Published in Milwaukee Journal Sentinel on March 1, 2011

RIP-Herbert S. Heavenrich, 2-23-11

Dear Heavenrich Family --

I can't tell you how sad my whole family is at the loss of Herb. Brian, me, my daughters (and their husbands) and my step-daughter. We know he was old, we know he had a good life, we know you can't expect everything... but damn! We wanted Herb to live on and on. There may have come a time when the walker, the aches and pains, the doctors' visits, the inconveniences he was experiencing in getting around, would come to be not worth it to him... but he seemed never to have reached it! I think he would have continued his ride as long as was possible, if he had a say in it. What a tenacious and life-loving soul. A model for me and for all who knew him.

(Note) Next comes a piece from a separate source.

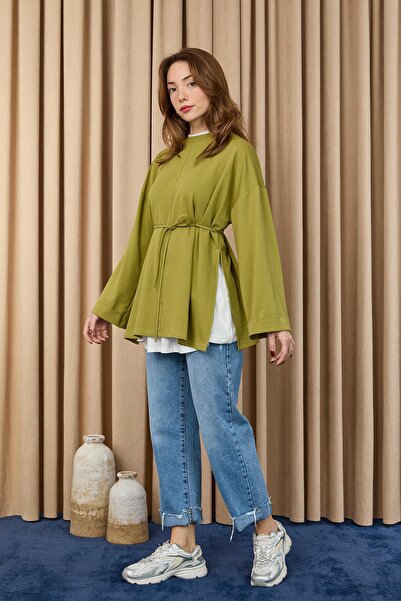Loreen Γυναικεία μπλούζα με λεπτομέρεια με κορδόνια-20720BLZ - OLIVE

Brian and I were so happy to have been able to see your mother and father so very recently in early Feb. in Miami. We went to two movies, went out to three dinners, and still never had enough! I will keep those memories in my heart and mind as long as I last. As will Brian. Herb's spirit was undaunted, his wit, his generosity... He made me a lovely speech on my 60th birthday - which is why (or at least a big part of why) we went down there. I needed to talk to the "pros" about how to age gracefully. And it was worth it.

Then Herbie sent me an email after we got home, sort of explicating the text of his speech... referring me to the full Shakespeare sonnet he was quoting from and to various interpretations of it... So Herb. He was such a scholar -- really kind of rabbinical in his way. And so generous with his knowledge and wisdom -- but always unprepossessing about it.

I'll show you the sonnet when i next see you all.

Also... he gave me some "comic valentines" that he'd found on the web and printed up which reminded him of his youth. Comic valentines (not at all sentimental!) One always learning something from the man!!!

Anyway... I could go on and on... as I KNOW you all can. I look forward to sharing some with you and various members of your family when we can.

Just wanted you to know I'm thinking of you all -- my whole family is feeling the pain -- and sending love and sympathy. And also acknowledgment that you had one of the seemingly greatest dads I've met. Lucky you.